'Show some humanity'
The United Nations has suspended its humanitarian task force in Syria amid frustration over continued fighting in the country's civil war.
The decision was announced yesterday as a haunting photo of a young boy rescued from beneath rubble of his home after a devastating air strike in Aleppo provoked outrage around the world.
Staffan de Mistura, the special envoy for Syria, stopped a meeting on humanitarian access after just eight minutes, saying it made “no sense” to plan aid deliveries when they would not be let into besieged areas.
Speaking in Geneva, he said convoys had not reached surrounded towns and cities in the past month, and that the task force would remain suspended until next week as a signal to world powers.
“I insist, on behalf of the UN Secretary General, to have a 48-hour pause in Aleppo,” de Mistura said, calling for a "gesture of humanity from both sides".

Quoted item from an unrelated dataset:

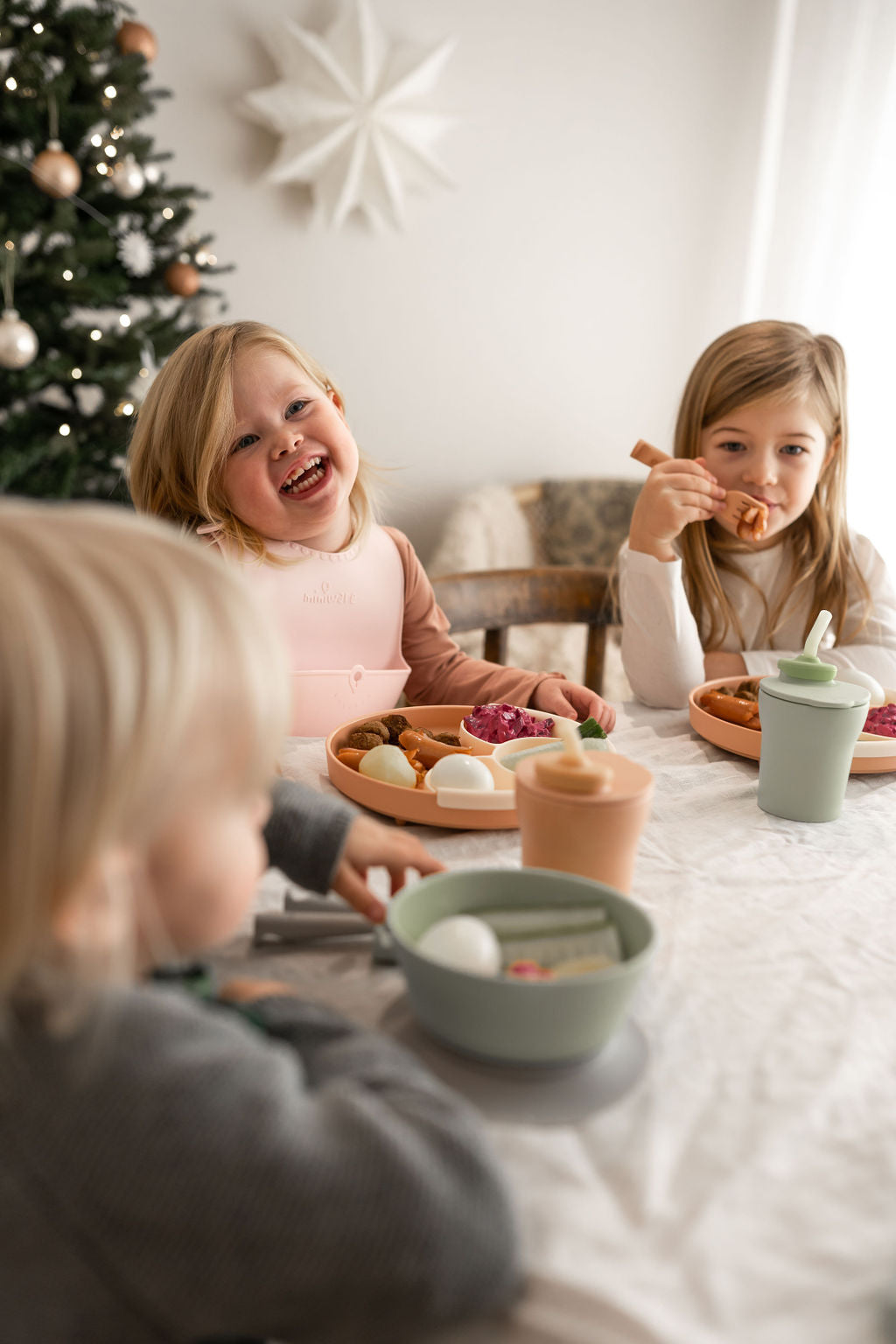 6 tips för att hålla dina barn engagerade under långa julmiddagar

Friday will be the annual World Humanitarian Day, he noted.
"And in Syria what we are hearing and seeing is only fighting, offensives, counter-offensives, rockets, barrel bombs, mortars, hellfire cannons, napalm, chlorine, snipers, air strikes, suicide bombers," he said, in reference to recent allegations of chemical weapons attacks.

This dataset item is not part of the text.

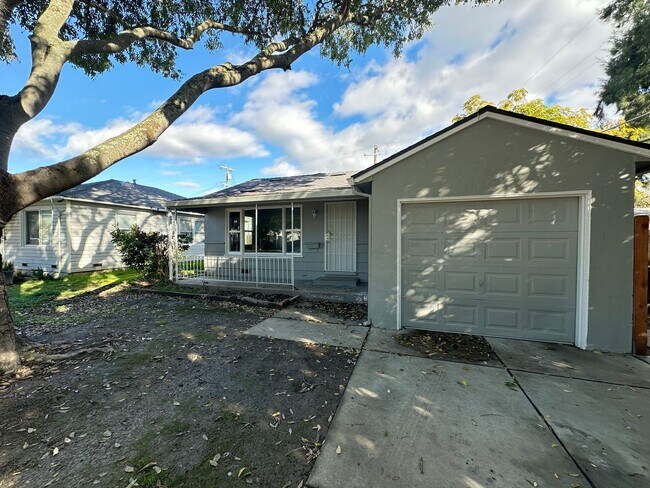 Building Photo - Charming Three Bedroom Near Westfield Park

Meanwhile, Syrian government warplanes bombed Kurdish-controlled areas of the city of Hasaka in northeastern Syria yesterday for the first time in the five-year-old civil war, the spokesman for the Syrian Kurdish YPG militia and a monitoring group said.

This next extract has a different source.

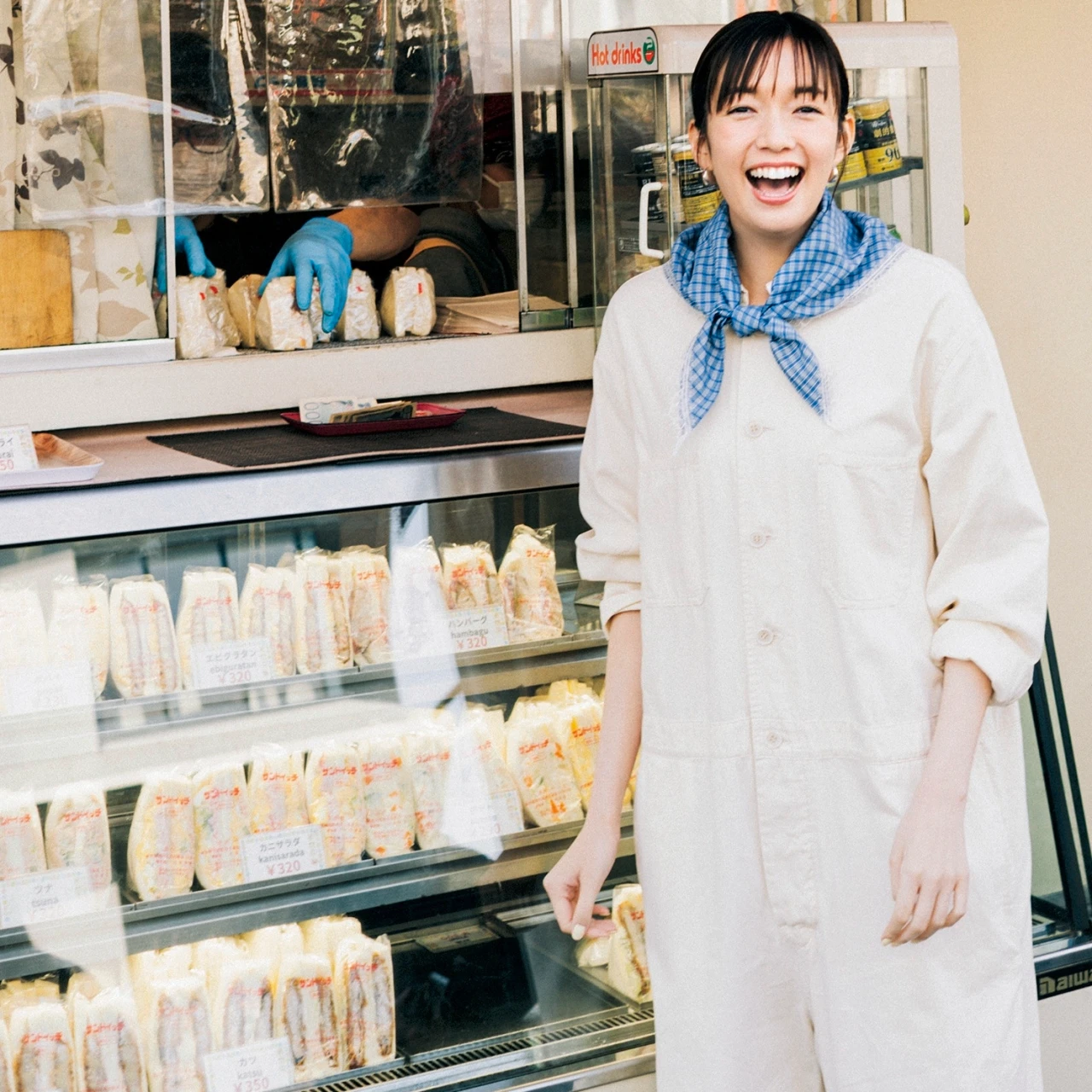 佐藤栞里が日暮里の人気店「ポポー」へ！ 話題のサンドイッチを堪能【もぐもぐしーさんぽ】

YPG spokesman Redur Xelil said the air strikes had hit Kurdish districts of the city, which is mostly controlled by Kurdish groups, and the positions of a Kurdish security force known as the Asayish. "There are martyrs and wounded," he told Reuters.
Russian bombers, meanwhile, launched a third day of air strikes against Islamic state militants in Syria's Deir al-Zor province from an Iranian air base, the Russian defence ministry said yesterday.
And the United States said it was looking at whether Russia has violated a UN Security Council resolution on military dealings with Tehran by using the Iranian air base, the State Department said on Wednesday.
Moscow first used Iran as a base from which to launch air strikes in Syria on Tuesday, deepening its involvement in the five-year-old Syrian civil war and angering the United States. Russian officials on Wednesday rejected US criticisms of its use of the base.